Theorem 4. If \(\varphi(s)\) has property A, then \(a_s=\varphi(s)\mu(s)\) has the same property, where \(\mu(s)\) is either any rational function having no poles in the half-plane \(\operatorname{Re}(s)\geqslant 0\) and at infinity, or the Dirichlet series \(\sum_{k=1}^{\infty} b_k k^{-s}\), absolutely convergent for \(\operatorname{Re}(s)\geqslant 0\), or \(\Gamma(\beta)\Gamma(s+\alpha)/\Gamma(s+\beta)\Gamma(\alpha)\), where \(\operatorname{Re}(\beta)>\operatorname{Re}(\alpha)>0\).

Let us now consider the case where \(a_s\) has poles in the right half-plane. We shall write \(f(x)\sim\varphi(x)\) if \(f(x)=\varphi(x)(1+\eta)\), \(\eta\to 0\) as \(x\to\infty\).

Lemma. Suppose \(0<\operatorname{Re}(p)<1\) or \(p=0\). If \(\psi(x)\) has the properties: 1) in a neighborhood of \(x=0\) it has a convergent expansion of the form \(\psi(x)=b_1x+\cdots\); 2) it admits an analytic continuation to the half-axis \(x\geqslant 0\) and
\[ \psi(x)\sim Ax^p(\ln x)^\alpha, \]
where \(A\) is an arbitrary complex number not equal to zero, and \(\alpha\geqslant 0\) is an integer, then the function
\[ \chi(x)=x^p\int_0^x t^{-1-p}\psi(t)\,dt \]
has the same properties 1), 2), and
\[ \chi(x)\sim Ax^p\frac{(\ln x)^{\alpha+1}}{\alpha+1}. \]
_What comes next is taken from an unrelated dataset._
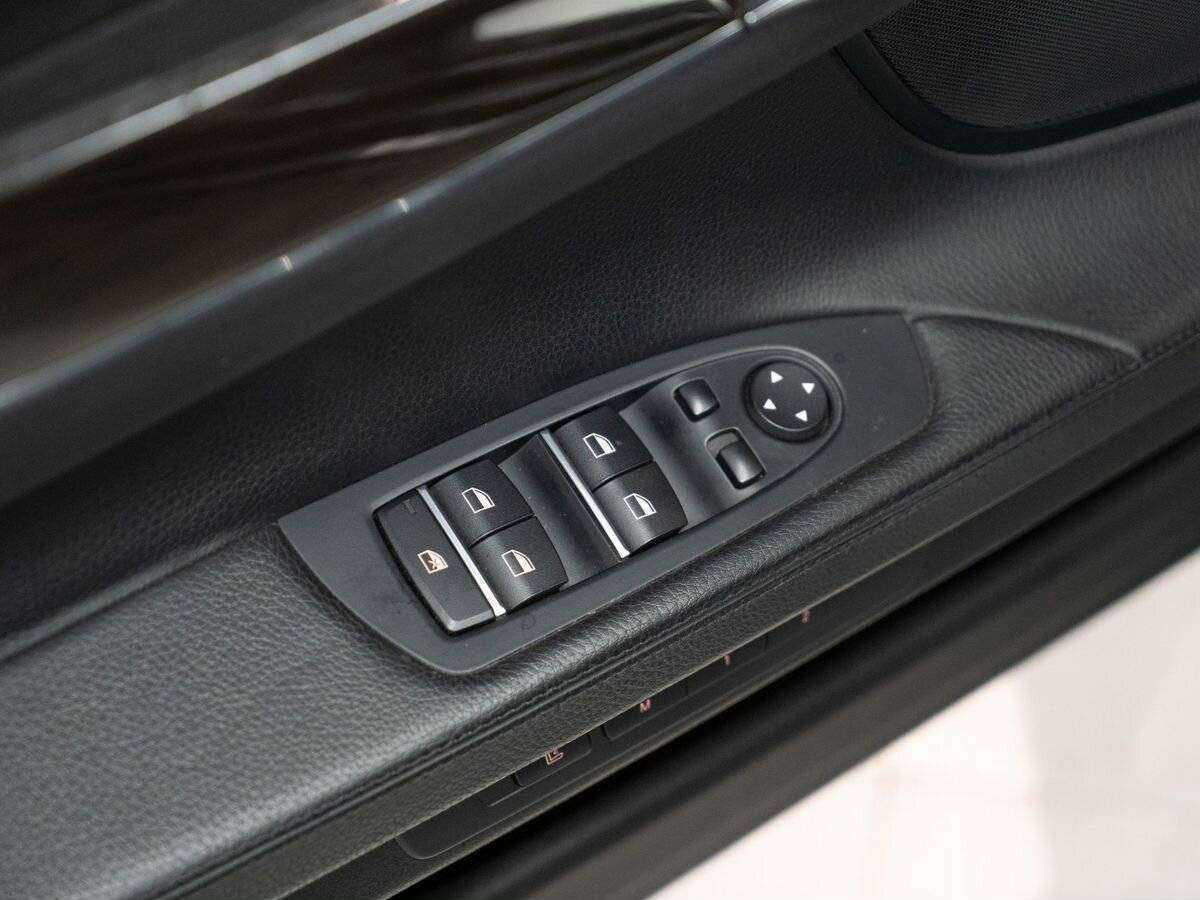 BMW 7 серии с пробегом — 2013 год. Фото: #16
Theorem 5. Let \(a_s\) be a rational function having poles in the half-plane \(\operatorname{Re}(s)>0\), and suppose that none of these poles has an integral abscissa, except possibly the point \(s=0\), which may be a pole. Denote by \(p\) the rightmost pole. Assume that on the line \(\operatorname{Re}(s)=p\) the function \(a_s\) has no other poles.

Then the series (1) has an analytic continuation to the half-axis \(x\geqslant 0\), and
\[ f(x)\sim \begin{cases} c_{-m}\dfrac{(\ln x)^m}{m!}, & \text{in the case } p=0,\\[1.2em] c_{-m}\dfrac{\pi}{\sin p\pi}\dfrac{(\ln x)^{m-1}}{(m-1)!}\,x^p, & \text{in the case } \operatorname{Re}(p)>0, \end{cases} \tag{4} \]
where \(m\) is the multiplicity of the pole \(s=p\), and \(c_{-m}\) is the coefficient of \((s-p)^{-m}\) in the meromorphic part of \(a_s\) at this pole.

Proof. First consider the case \(0<\operatorname{Re}(p)<1\). Let
\[ \varphi_k(x)=\frac{x}{(1-p)^k}-\frac{x^2}{(2-p)^k}+\cdots,\qquad k=0,1,2,\ldots, \]
a sequence of series with common radius of convergence \(R=1\).

For \(0\leqslant x<1\),
\[ \varphi_{k+1}(x)=x^p\int_0^x \frac{\varphi_k(t)}{t^{p+1}}\,dt,\qquad k=0,1,2,\ldots. \]

For \(k=0\),
\[ \varphi_1(x)=x^p\int_0^x \frac{dt}{t^p(1+t)}\sim \frac{\pi}{\sin p\pi}\,x^p. \]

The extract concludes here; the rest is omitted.